TO DO:
Could the data below be printed out exactly, with the pictures left out?

SOURCE RECORDS:
::::::

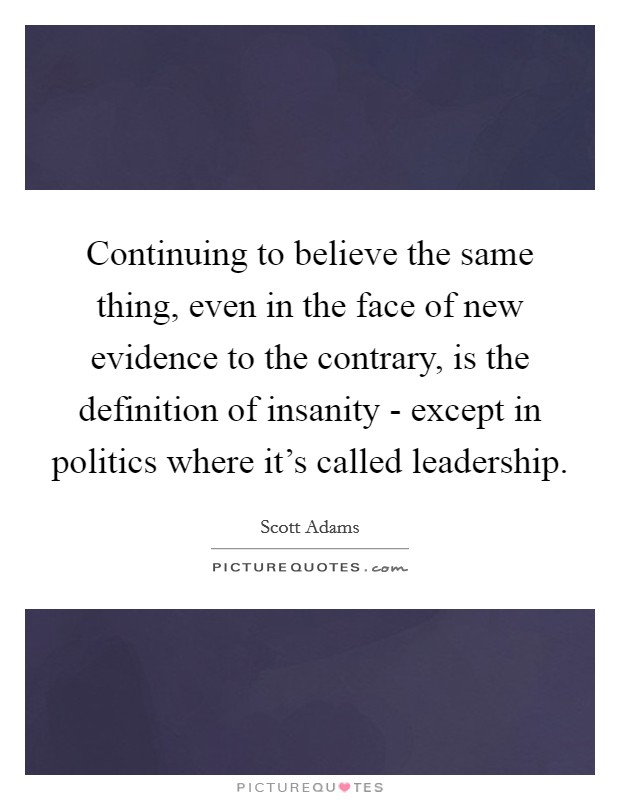 Continuing to believe the same thing, even in the face of new evidence to the contrary, is the definition of insanity - except in politics where it's called leadership. Picture Quote #1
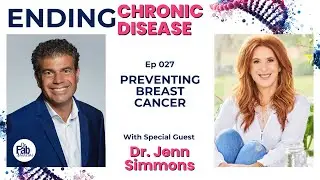 Preventing Breast Cancer with Dr. Jenn Simmons | 027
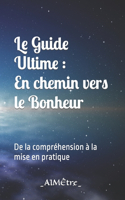 Le Guide Ultime: En chemin vers le Bonheur !: De la compréhension à la mise en pratique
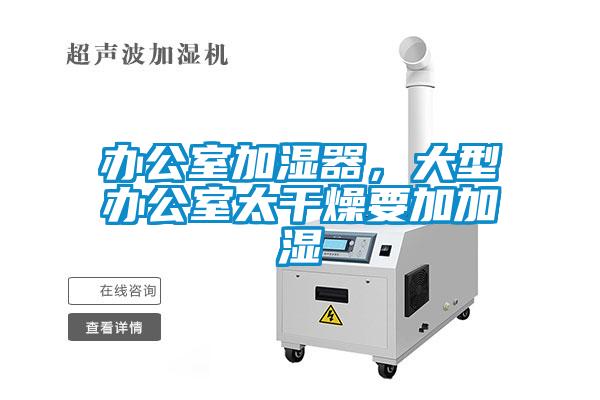 辦公室加濕器，大型辦公室太干燥要加加濕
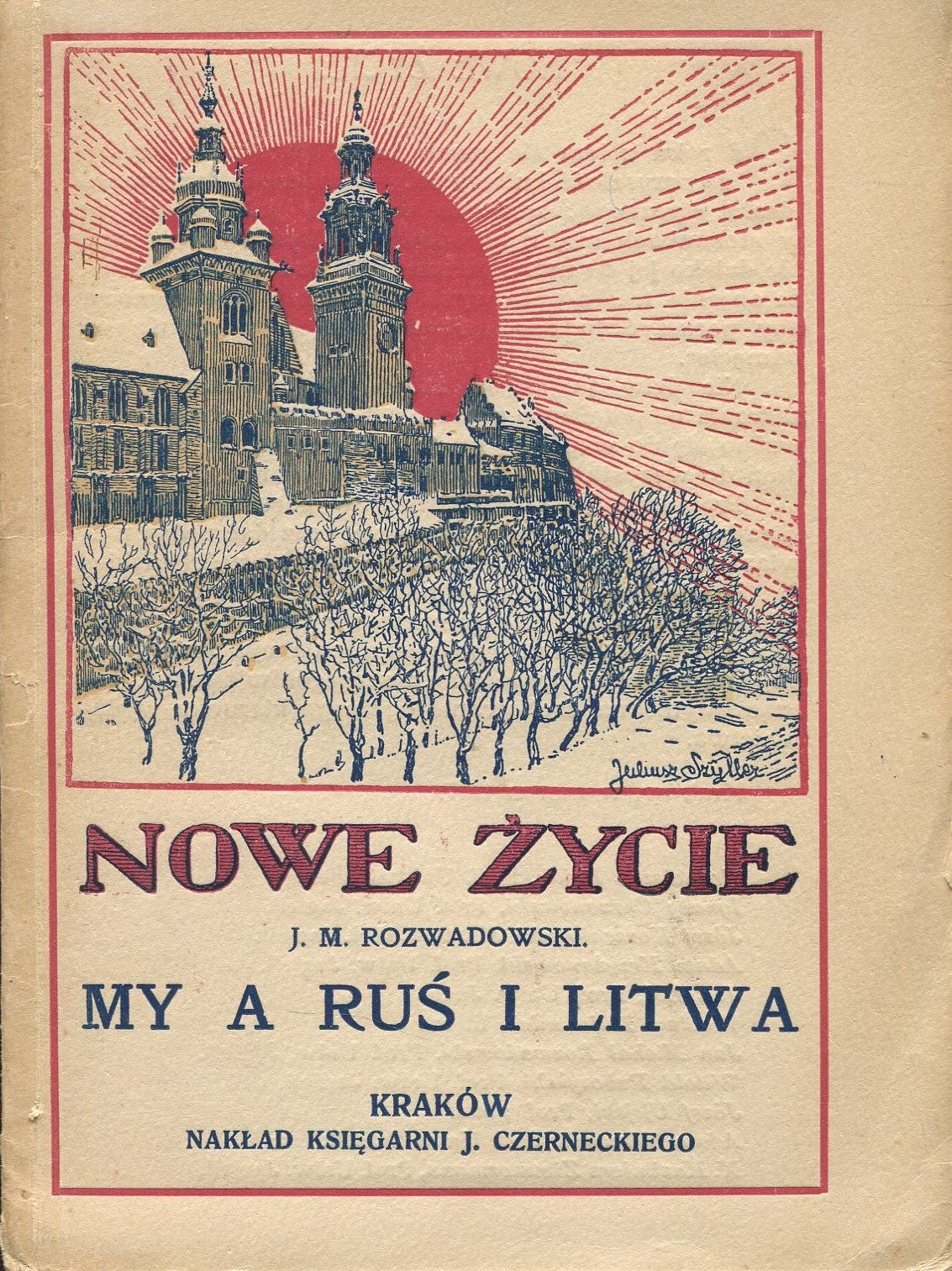 ROZWADOWSKI Jan - My a Ruś i Litwa [1917] - Aukcja internetowa ...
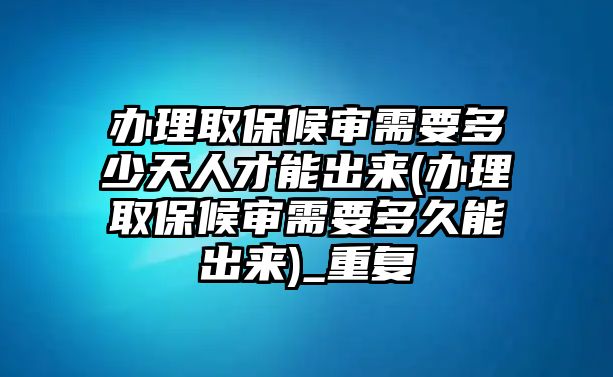 辦理取保候?qū)徯枰嗌偬烊瞬拍艹鰜?lái)(辦理取保候?qū)徯枰嗑媚艹鰜?lái))_重復(fù)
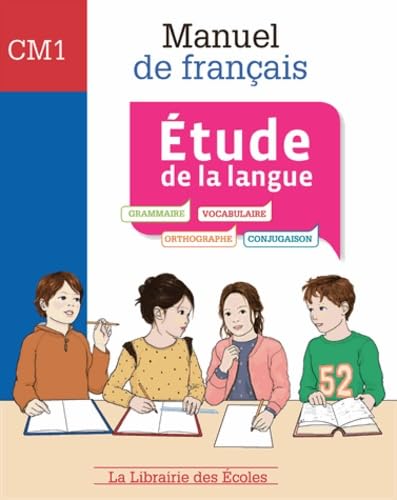 Manuel de français - Etude de la langue CM1: Manuel, étude de la langue Education & Training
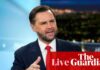 JD Vance says US-Iran deal ‘very general’ with many details yet to be negotiated – Middle East crisis live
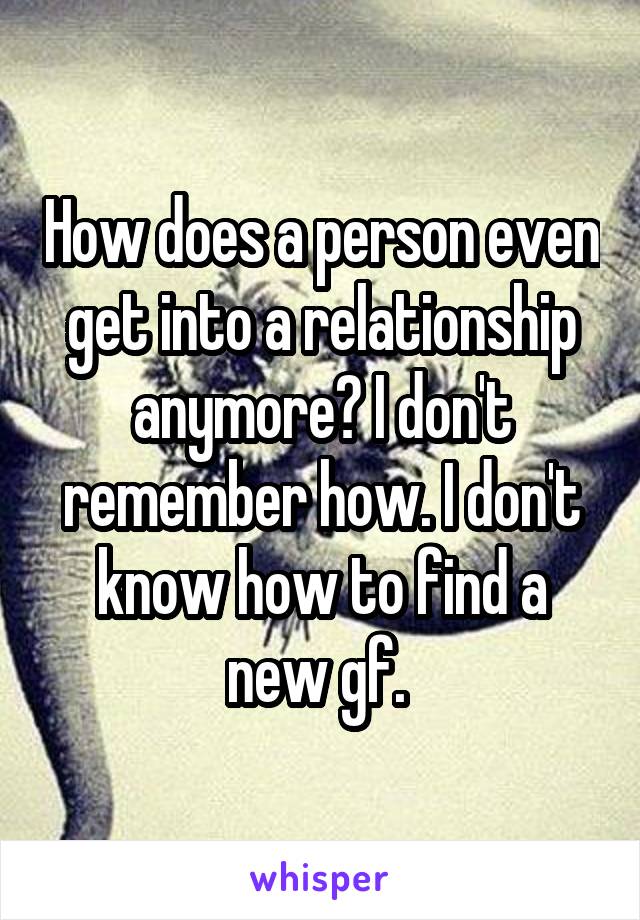 How does a person even get into a relationship anymore? I don't remember how. I don't know how to find a new gf. 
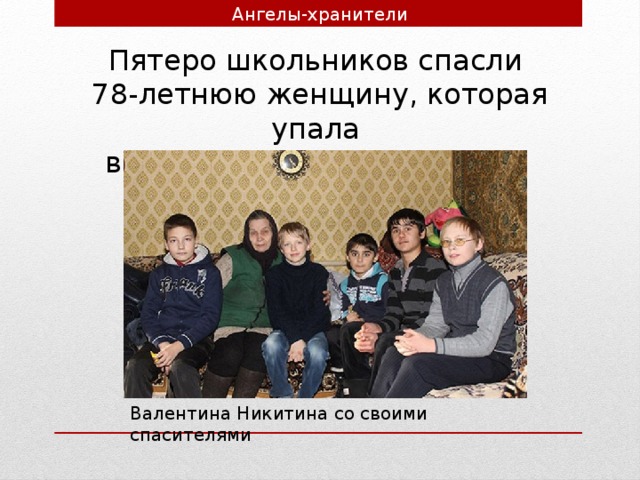 Ангелы-хранители Пятеро школьников спасли 78-летнюю женщину, которая упала в колодец с ледяной водой. Валентина Никитина со своими спасителями 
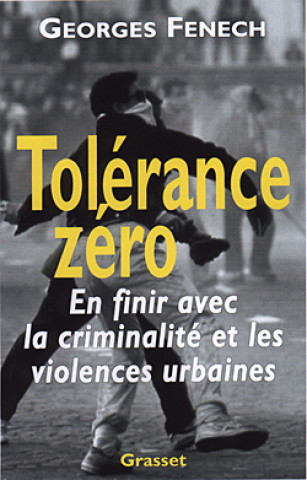 Knjiga Tolérance zéro Georges Fenech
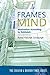 Frames of Mind: Motivation According to Kabbalah (The Judaism and Modern Times Series)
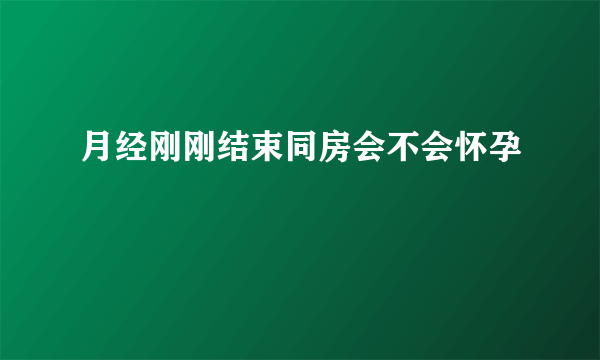 月经刚刚结束同房会不会怀孕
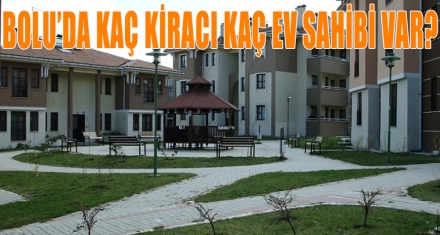 BOLU'DA KAÇ KİRACI KAÇ EV SAHİBİ VAR?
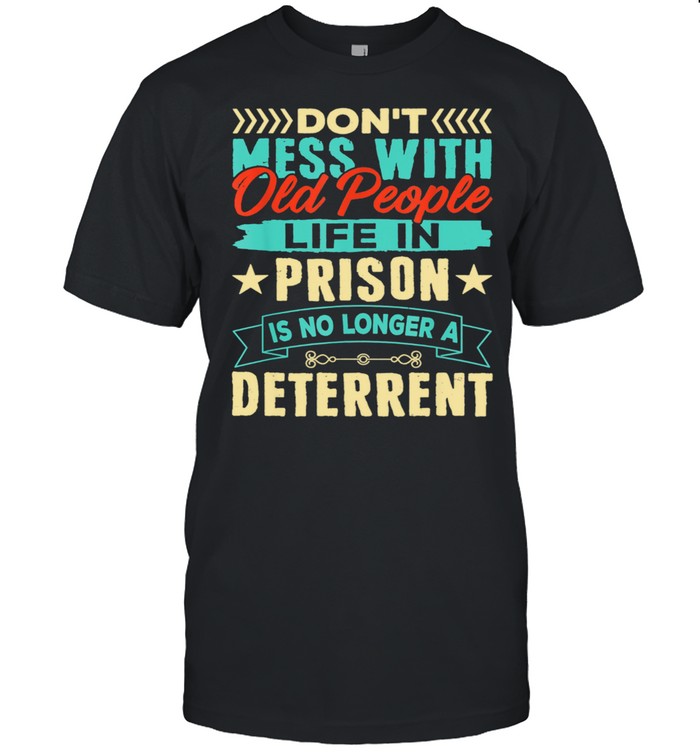 Don’t Mess With Old People Life in Prison Senior Citizen Shirt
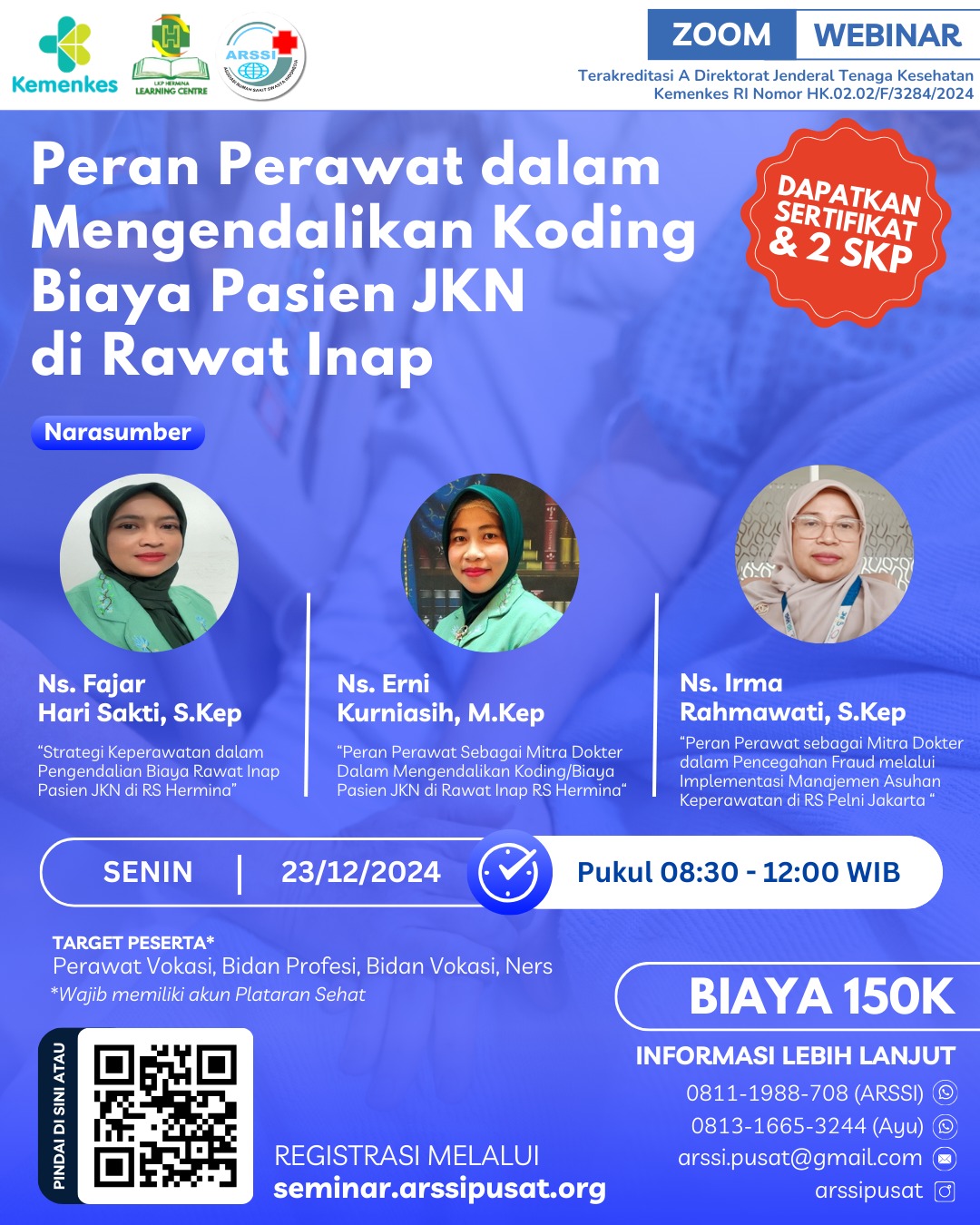 Webinar Nasional Keperawatan Strategi Keperawatan Dalam Mengendalikan Koding atau Biaya Pasien JKN di Rawat Inap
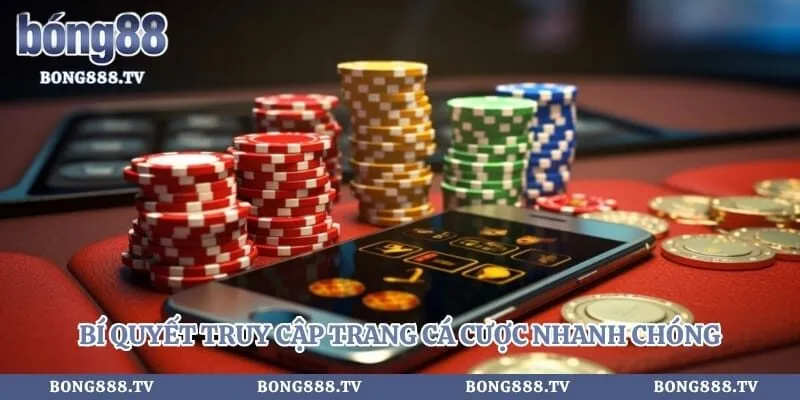 Bí quyết truy cập trang cá cược nhanh chóng không bị chặn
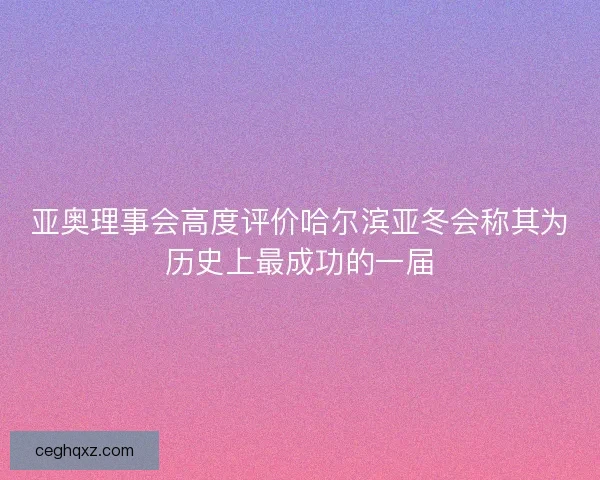 亚奥理事会高度评价哈尔滨亚冬会称其为历史上最成功的一届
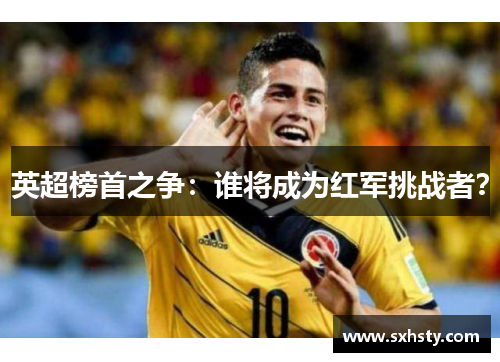 英超榜首之争：谁将成为红军挑战者？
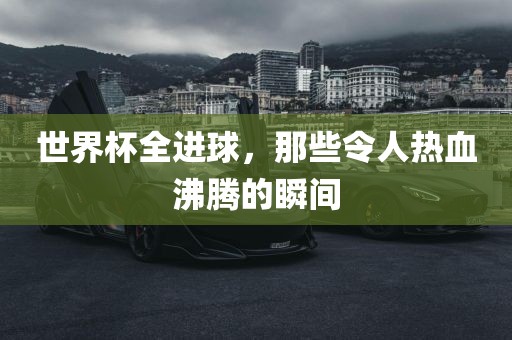 世界杯全进球，那些令人热血沸腾的瞬间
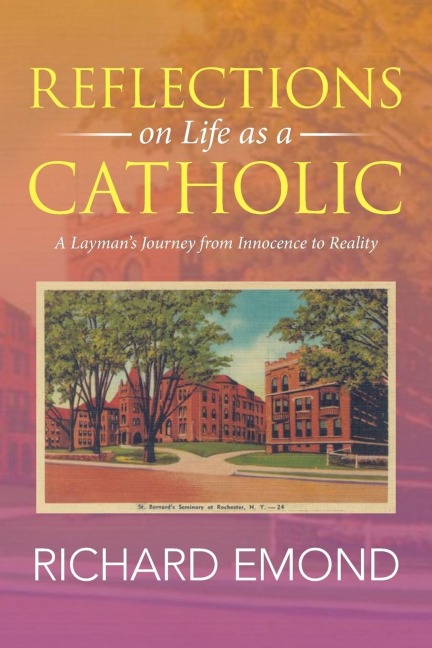 Reflections on Life as a Catholic: A Laymans Journey from Innocence to Reality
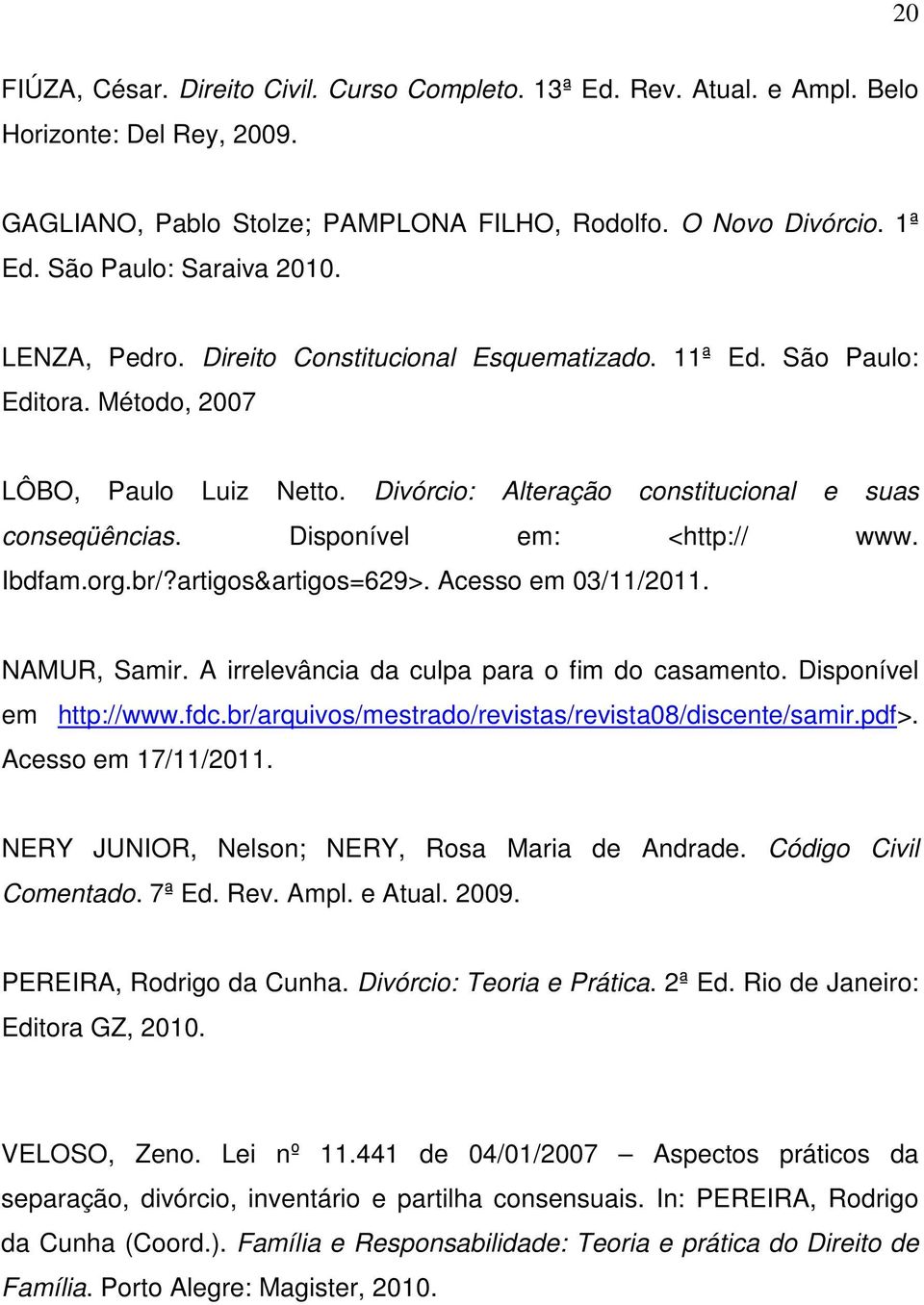 Disponível em: <http:// www. Ibdfam.org.br/?artigos&artigos=629>. Acesso em 03/11/2011. NAMUR, Samir. A irrelevância da culpa para o fim do casamento. Disponível em http://www.fdc.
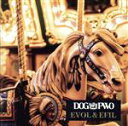 【中古】 EVOL&EFIL(通常盤)/DOG in Theパラレルワールドオーケストラ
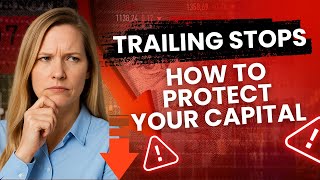 Trailing Stops Made Easy: Protect Profits Without Killing Your Trades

::::::

ANSWER SPACE:
 Continuing to believe the same thing, even in the face of new evidence to the contrary, is the definition of insanity - except in politics where it's called leadership. Picture Quote #1
 Preventing Breast Cancer with Dr. Jenn Simmons | 027
 Le Guide Ultime: En chemin vers le Bonheur !: De la compréhension à la mise en pratique
 辦公室加濕器，大型辦公室太干燥要加加濕
 ROZWADOWSKI Jan - My a Ruś i Litwa [1917] - Aukcja internetowa ...
 辦理取保候?qū)徯枰嗌偬烊瞬拍艹鰜?lái)(辦理取保候?qū)徯枰嗑媚艹鰜?lái))_重復(fù)
 Manuel de français - Etude de la langue CM1: Manuel, étude de la langue Education & Training
 JD Vance says US-Iran deal ‘very general’ with many details yet to be negotiated – Middle East crisis live
 How does a person even get into a relationship anymore? I don't remember how. I don't know how to find a new gf. 
 Ангелы-хранители Пятеро школьников спасли 78-летнюю женщину, которая упала в колодец с ледяной водой. Валентина Никитина со своими спасителями 
 Knjiga Tolérance zéro Georges Fenech
 Frames of Mind: Motivation According to Kabbalah (The Judaism and Modern Times Series)
 月经刚刚结束同房会不会怀孕
 BOLU'DA KAÇ KİRACI KAÇ EV SAHİBİ VAR?
 Don’t Mess With Old People Life in Prison Senior Citizen Shirt
 Webinar Nasional Keperawatan Strategi Keperawatan Dalam Mengendalikan Koding atau Biaya Pasien JKN di Rawat Inap
 Bí quyết truy cập trang cá cược nhanh chóng không bị chặn
 亚奥理事会高度评价哈尔滨亚冬会称其为历史上最成功的一届
 英超榜首之争：谁将成为红军挑战者？
 世界杯全进球，那些令人热血沸腾的瞬间
 Reflections on Life as a Catholic: A Laymans Journey from Innocence to Reality
 Disponível em: <http:// www. Ibdfam.org.br/?artigos&artigos=629>. Acesso em 03/11/2011. NAMUR, Samir. A irrelevância da culpa para o fim do casamento. Disponível em http://www.fdc.
 【中古】 EVOL&EFIL(通常盤)/DOG in Theパラレルワールドオーケストラ
 Trailing Stops Made Easy: Protect Profits Without Killing Your Trades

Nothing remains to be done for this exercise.